I had to extract the ‘id’ attribute of the ‘book’ tag as part of the data frame. Also, for the books with multiple authors, the values from the child tag ‘author’ have been concatenated. I have converted those concatenated strings into comma separated values.

### Create commas separated list for books with multiple authors
authorsList <- unlist(lapply((xpathSApply(parsedXML,"//authors",fun=xmlToList)), function(X){
  paste(unlist(X), collapse = ", ")
} ))

booksXMLDF$authors <- authorsList

### Extract 'id' Tag attribute
ids <- as.data.frame(xmlSApply(root, xmlGetAttr, "id"))
names(ids) <- "book#"

### Merge using cbind
booksXMLDF <- cbind(ids, booksXMLDF)

head(booksXMLDF) %>% kable() %>% kable_styling(bootstrap_options = c("striped", "hover", "condensed", "responsive")) %>% scroll_box(width="100%",height="300px")
book# title authors publish_date price publisher
1 Agile Data Warehouse Design: Collaborative Dimensional Modeling, from Whiteboard to Star Schema Jim Stagnitto, Lawrence Corr April 16, 2011 $35.37 Decision Press
2 The Data Warehouse Toolkit: The Complete Guide to Dimensional Modeling Ralph Kimball March 16, 1996 $16.97 Wiley
3 Data Warehouse Systems: Design and Implementation Alejandro Vaisman, Esteban Zimányi September 10, 2014 $89.99 Springer

3.3 JSON File:

#Parsing the Code using fromJSON
booksJSONDF <- parsedJSON$dwh_books
booksJSONDF <- as.data.frame(booksJSONDF)

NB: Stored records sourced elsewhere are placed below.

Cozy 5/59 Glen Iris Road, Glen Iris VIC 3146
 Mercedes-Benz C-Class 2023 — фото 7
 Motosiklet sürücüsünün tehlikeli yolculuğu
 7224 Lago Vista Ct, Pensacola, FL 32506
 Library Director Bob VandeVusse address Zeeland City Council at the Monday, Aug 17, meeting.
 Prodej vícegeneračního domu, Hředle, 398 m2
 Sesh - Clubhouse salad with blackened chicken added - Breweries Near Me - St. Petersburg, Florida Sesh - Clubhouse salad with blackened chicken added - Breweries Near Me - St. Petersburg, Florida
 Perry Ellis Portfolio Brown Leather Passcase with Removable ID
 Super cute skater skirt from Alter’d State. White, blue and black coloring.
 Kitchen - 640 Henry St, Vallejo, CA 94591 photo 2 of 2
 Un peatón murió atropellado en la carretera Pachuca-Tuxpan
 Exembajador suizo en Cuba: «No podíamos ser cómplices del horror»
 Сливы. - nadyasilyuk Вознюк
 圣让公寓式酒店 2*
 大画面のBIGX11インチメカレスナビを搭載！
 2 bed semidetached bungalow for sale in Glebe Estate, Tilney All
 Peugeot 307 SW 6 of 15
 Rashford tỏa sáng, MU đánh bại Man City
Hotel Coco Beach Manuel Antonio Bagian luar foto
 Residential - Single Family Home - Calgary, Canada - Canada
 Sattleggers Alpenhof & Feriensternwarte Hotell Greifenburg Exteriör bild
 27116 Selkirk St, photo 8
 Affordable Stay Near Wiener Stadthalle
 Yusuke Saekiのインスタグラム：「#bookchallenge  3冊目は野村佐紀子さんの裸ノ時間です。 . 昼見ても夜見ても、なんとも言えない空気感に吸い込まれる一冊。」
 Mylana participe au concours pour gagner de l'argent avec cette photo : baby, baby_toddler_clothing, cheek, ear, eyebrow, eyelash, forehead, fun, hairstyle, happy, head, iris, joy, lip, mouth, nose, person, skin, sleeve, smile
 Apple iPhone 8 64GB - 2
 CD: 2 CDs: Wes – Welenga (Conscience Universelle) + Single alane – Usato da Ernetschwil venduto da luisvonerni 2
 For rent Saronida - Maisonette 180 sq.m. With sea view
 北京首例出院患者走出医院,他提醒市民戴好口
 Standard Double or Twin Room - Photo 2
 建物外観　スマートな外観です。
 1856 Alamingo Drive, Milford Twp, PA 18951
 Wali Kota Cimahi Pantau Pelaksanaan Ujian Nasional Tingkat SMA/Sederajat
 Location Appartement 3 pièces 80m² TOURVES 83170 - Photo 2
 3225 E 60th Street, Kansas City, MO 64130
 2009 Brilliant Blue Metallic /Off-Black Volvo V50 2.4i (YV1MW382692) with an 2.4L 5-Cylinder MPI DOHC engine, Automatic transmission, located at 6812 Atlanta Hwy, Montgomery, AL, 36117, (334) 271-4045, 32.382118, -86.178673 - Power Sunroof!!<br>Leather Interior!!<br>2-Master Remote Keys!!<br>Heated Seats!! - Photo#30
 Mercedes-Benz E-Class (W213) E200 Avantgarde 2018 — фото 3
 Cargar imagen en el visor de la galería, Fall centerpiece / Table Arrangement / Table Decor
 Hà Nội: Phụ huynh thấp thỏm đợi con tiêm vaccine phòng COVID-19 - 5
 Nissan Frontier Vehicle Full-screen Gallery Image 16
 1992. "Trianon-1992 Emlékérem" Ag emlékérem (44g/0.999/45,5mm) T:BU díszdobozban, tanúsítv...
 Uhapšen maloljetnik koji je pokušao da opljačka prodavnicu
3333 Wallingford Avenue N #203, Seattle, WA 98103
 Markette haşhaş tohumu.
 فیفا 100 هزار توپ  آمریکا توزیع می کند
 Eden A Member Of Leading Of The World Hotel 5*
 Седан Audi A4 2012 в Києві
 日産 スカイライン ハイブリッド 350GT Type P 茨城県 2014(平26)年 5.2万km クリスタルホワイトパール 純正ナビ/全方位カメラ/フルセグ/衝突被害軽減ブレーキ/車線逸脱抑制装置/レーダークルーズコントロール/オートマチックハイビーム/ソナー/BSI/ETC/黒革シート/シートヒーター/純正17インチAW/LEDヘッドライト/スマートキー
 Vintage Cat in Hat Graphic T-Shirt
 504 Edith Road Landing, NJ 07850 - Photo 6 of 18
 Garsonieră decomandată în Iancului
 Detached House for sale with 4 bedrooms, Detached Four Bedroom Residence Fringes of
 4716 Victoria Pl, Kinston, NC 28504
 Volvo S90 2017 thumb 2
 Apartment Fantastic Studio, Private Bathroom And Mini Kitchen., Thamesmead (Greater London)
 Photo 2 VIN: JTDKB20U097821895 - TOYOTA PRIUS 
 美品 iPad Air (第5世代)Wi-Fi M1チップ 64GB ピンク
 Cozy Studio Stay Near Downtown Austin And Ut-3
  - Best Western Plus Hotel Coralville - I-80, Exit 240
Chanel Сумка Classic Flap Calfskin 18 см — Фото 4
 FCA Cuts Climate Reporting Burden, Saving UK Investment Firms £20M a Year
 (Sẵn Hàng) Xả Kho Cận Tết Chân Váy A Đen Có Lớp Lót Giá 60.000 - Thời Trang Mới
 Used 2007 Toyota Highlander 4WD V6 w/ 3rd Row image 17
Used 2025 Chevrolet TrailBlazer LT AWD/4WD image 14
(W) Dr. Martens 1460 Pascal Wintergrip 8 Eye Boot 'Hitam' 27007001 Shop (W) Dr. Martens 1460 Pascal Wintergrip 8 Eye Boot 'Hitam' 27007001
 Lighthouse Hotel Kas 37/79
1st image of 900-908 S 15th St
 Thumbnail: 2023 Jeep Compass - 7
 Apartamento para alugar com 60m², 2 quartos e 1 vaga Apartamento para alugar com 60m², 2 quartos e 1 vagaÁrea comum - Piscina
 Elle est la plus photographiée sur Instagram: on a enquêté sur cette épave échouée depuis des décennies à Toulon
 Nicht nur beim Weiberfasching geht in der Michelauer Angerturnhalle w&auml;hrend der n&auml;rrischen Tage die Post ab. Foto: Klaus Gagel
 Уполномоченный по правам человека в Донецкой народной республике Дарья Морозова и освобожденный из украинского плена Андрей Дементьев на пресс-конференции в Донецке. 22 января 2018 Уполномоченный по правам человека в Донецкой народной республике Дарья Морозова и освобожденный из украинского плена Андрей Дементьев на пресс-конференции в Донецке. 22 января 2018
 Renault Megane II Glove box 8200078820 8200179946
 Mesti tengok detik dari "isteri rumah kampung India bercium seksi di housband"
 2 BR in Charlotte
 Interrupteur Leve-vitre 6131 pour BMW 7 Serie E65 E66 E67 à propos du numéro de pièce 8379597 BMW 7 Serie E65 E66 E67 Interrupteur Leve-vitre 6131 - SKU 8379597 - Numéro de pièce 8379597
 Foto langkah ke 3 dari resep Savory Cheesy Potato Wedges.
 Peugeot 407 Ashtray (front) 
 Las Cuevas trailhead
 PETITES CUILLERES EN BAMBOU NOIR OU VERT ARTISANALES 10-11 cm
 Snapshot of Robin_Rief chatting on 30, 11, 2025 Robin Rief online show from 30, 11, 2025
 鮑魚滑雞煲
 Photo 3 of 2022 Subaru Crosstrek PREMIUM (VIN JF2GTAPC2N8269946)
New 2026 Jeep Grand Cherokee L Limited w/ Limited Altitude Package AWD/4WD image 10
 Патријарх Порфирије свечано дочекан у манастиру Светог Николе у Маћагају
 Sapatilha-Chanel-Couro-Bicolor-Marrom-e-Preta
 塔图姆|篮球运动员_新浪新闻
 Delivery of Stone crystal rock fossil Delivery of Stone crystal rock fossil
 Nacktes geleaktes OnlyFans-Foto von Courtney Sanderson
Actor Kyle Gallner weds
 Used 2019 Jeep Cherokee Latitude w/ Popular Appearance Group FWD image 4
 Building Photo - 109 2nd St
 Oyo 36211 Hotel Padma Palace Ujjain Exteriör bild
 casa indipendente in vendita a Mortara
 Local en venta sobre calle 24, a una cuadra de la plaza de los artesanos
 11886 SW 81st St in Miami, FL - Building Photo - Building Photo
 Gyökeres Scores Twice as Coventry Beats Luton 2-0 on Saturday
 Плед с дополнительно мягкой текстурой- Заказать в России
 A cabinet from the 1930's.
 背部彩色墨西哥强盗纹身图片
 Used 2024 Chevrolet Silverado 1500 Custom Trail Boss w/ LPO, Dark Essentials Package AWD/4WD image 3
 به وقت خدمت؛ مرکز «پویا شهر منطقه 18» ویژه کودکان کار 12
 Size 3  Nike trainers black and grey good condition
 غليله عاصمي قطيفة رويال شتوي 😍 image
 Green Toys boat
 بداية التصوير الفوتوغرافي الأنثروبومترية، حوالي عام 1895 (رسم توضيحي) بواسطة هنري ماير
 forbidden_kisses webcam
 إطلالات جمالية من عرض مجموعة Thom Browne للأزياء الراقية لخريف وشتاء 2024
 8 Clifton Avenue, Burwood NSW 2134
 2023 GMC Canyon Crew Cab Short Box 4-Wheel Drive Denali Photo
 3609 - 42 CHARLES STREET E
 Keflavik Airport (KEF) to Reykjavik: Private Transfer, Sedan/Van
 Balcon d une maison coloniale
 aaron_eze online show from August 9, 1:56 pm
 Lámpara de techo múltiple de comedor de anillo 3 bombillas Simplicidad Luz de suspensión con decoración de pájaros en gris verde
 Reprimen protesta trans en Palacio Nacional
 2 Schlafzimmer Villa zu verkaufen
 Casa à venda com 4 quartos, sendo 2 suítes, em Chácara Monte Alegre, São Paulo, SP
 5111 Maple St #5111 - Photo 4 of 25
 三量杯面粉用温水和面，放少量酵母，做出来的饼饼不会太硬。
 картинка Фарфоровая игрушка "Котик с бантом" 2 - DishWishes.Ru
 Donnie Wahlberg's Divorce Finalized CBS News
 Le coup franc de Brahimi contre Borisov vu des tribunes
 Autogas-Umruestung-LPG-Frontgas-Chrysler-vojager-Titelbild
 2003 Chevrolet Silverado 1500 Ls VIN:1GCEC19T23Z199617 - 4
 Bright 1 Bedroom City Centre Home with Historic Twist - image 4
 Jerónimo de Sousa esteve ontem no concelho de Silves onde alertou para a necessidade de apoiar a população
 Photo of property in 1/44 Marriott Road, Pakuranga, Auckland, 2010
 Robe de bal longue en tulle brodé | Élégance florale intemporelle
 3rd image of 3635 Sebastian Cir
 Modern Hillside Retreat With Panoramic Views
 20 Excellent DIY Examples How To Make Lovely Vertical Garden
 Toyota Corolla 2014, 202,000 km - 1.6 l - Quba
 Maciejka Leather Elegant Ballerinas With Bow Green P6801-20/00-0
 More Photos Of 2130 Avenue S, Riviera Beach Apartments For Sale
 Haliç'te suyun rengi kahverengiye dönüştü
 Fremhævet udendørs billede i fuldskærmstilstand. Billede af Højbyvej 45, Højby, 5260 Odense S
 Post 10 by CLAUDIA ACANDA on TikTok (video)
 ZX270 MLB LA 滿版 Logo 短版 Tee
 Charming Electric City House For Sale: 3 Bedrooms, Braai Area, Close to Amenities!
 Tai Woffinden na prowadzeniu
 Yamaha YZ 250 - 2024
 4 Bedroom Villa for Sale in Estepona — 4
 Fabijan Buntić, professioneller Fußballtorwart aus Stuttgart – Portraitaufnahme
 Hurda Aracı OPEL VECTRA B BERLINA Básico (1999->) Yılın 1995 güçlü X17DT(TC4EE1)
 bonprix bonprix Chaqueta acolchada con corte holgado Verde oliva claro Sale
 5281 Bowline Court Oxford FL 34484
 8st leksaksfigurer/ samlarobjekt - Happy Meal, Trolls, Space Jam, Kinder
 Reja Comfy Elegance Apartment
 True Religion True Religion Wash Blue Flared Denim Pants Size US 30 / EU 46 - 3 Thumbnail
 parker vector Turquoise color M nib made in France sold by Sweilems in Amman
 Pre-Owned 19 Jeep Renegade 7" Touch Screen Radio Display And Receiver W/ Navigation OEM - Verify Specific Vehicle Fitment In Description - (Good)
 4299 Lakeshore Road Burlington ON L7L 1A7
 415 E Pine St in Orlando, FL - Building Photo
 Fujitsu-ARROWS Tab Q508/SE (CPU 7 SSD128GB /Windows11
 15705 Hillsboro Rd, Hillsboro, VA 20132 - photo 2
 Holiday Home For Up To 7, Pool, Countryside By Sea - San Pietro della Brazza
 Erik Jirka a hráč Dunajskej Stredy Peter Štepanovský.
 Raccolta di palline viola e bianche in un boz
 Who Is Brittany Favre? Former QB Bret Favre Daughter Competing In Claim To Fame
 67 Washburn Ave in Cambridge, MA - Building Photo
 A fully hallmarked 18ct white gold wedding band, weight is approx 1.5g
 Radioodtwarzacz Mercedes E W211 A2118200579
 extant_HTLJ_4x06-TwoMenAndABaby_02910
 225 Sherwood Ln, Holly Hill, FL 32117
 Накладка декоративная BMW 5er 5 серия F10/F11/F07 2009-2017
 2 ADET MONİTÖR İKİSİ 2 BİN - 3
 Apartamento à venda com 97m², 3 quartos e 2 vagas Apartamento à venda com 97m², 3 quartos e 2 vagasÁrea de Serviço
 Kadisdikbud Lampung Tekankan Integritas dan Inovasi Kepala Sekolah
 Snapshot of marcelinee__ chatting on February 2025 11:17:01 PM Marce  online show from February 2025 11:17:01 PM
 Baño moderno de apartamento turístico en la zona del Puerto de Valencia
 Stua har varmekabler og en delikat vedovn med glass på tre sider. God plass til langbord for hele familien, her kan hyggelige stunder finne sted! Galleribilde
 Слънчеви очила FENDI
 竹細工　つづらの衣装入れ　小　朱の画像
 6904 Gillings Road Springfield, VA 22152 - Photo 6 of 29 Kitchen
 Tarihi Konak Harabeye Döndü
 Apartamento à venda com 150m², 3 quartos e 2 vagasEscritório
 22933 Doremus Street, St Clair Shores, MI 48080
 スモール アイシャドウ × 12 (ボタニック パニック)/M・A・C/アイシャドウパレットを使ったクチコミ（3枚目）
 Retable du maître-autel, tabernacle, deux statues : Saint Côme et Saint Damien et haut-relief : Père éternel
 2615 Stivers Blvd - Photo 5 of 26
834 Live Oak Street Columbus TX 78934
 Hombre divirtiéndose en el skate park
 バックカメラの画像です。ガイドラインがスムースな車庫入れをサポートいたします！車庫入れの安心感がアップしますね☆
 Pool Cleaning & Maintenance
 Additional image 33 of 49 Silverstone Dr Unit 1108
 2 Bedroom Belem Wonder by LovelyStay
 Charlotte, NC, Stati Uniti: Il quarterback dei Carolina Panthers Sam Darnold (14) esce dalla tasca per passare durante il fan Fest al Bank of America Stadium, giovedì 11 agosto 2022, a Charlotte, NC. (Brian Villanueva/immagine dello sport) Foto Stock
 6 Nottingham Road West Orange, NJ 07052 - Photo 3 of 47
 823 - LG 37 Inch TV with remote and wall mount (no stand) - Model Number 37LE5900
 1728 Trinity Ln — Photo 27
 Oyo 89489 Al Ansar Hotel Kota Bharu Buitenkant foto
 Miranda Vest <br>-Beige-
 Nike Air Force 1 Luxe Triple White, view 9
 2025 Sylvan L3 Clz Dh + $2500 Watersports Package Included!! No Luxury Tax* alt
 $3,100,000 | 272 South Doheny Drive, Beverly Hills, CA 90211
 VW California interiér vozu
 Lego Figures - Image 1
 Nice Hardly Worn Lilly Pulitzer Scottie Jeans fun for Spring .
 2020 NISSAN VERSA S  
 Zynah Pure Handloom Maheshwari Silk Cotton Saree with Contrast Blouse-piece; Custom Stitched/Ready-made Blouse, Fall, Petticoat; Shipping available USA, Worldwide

head(booksJSONDF) %>% kable() %>% kable_styling(bootstrap_options = c("striped", "hover", "condensed", "responsive")) %>% scroll_box(width="100%",height="300px")
book# title authors publish_date price publisher
1 Agile Data Warehouse Design: Collaborative Dimensional Modeling, from Whiteboard to Star Schema c(“Jim Stagnitto”, “Lawrence Corr”) April 16, 2011 $35.37 Decision Press
2 The Data Warehouse Toolkit: The Complete Guide to Dimensional Modeling Ralph Kimball March 16, 1996 $16.97 Wiley
3 Data Warehouse Systems: Design and Implementation c(“Alejandro Vaisman”, “Esteban Zimányi”) September 10, 2014 $89.99 Springer

Converted the Character vector created for books with muliple authors into comma seprated list :

authorsList <- unlist(lapply(booksJSONDF$authors, function(X){
  paste(unlist(X), collapse = ", ")
} ))

booksJSONDF$authors <- authorsList

head(booksJSONDF) %>% kable() %>% kable_styling(bootstrap_options = c("striped", "hover", "condensed", "responsive")) %>% scroll_box(width="100%",height="300px")
book# title authors publish_date price publisher
1 Agile Data Warehouse Design: Collaborative Dimensional Modeling, from Whiteboard to Star Schema Jim Stagnitto, Lawrence Corr April 16, 2011 $35.37 Decision Press
2 The Data Warehouse Toolkit: The Complete Guide to Dimensional Modeling Ralph Kimball March 16, 1996 $16.97 Wiley
3 Data Warehouse Systems: Design and Implementation Alejandro Vaisman, Esteban Zimányi September 10, 2014 $89.99 Springer

Conclusion:

The three data frames generated from the .html, ,xml and .json files are identical.